I got to the bar in time to hear the last song of the first band. That band was terrible!
The next band then took the stage. They sounded better than the first, but their playing seemed limited and very repetitive. Each song sounded almost the same as the others.
Band Guy came over to talk to me as the second band as still playing. Along with his band members, he had other friends in the audience. He made introductions.
He said that this bar "cards," so only lets in those twenty-one and older. Thus, some of his friends could not come to hear them. That included Cookie Girl. He said that some other bars in the area have sections where booze is served and other sections where booze is not allowed. At these other bars, those eighteen-to-twenty can come hear a band as well. This bar just wasn't one of those places.

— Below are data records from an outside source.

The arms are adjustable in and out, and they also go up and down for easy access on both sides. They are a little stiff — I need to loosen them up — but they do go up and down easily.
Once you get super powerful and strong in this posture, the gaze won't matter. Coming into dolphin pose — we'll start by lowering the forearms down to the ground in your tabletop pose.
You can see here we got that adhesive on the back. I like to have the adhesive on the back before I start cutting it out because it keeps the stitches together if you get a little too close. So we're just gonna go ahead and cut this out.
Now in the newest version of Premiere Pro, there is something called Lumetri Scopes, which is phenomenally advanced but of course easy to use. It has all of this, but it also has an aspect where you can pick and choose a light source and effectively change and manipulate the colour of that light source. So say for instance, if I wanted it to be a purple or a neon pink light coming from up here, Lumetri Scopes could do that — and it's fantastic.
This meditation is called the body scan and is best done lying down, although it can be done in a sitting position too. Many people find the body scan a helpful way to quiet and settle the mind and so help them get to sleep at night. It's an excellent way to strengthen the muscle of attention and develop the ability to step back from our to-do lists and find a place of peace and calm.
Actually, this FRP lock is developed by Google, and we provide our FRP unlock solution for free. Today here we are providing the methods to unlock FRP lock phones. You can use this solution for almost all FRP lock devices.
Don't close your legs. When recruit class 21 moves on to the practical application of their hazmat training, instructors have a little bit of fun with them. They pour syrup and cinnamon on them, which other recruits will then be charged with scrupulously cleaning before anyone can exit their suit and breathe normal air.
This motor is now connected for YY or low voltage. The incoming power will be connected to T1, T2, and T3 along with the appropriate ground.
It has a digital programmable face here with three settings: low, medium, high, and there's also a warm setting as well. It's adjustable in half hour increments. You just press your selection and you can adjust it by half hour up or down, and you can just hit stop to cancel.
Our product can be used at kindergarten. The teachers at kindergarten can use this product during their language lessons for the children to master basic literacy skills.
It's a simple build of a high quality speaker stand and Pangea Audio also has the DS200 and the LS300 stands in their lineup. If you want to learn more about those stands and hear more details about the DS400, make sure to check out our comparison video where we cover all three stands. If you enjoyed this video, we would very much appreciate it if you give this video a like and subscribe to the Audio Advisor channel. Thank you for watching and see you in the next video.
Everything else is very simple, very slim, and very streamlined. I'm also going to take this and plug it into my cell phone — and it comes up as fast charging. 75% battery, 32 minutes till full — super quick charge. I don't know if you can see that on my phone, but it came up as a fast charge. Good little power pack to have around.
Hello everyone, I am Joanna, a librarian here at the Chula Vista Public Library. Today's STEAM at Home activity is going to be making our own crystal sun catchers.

He happily announced that after getting this gig, in two weeks, they had already gotten another gig at a different bar that did although those younger than twenty-one to hear the band.
Having this gig and then another two weeks later had him feeling proud. Soon, he had to leave me to join his band mates in preparing for their turn on stage.
I am not much of a judge of bar bands in the rock style, but I liked Band Guy's band much better than the first two bands. Since the last band of the night, unlike the previous two bands, Band Guy's band had an intermission of maybe fifteen minutes before doing their last set of songs.
For the intermission, Band Guy left the stage to see me and his other friends twenty-one and older who had come to hear his band. The other three band members did not want to stay and chat in the bar.
The bass guitar player told Band Guy, "We're going outside for a smoke."
Band Guy said, "I'll be with you shortly."
Back in Kenya a year earlier, I had found to my surprise that going out for a "smoke" seemed usually not to mean tobacco. I was more experienced now, and noted lots of people in the bar were smoking cigarettes because there was no cigarette smoking ban in this bar. Thus, I doubted it was tobacco they were going outside to smoke since that could be done right here.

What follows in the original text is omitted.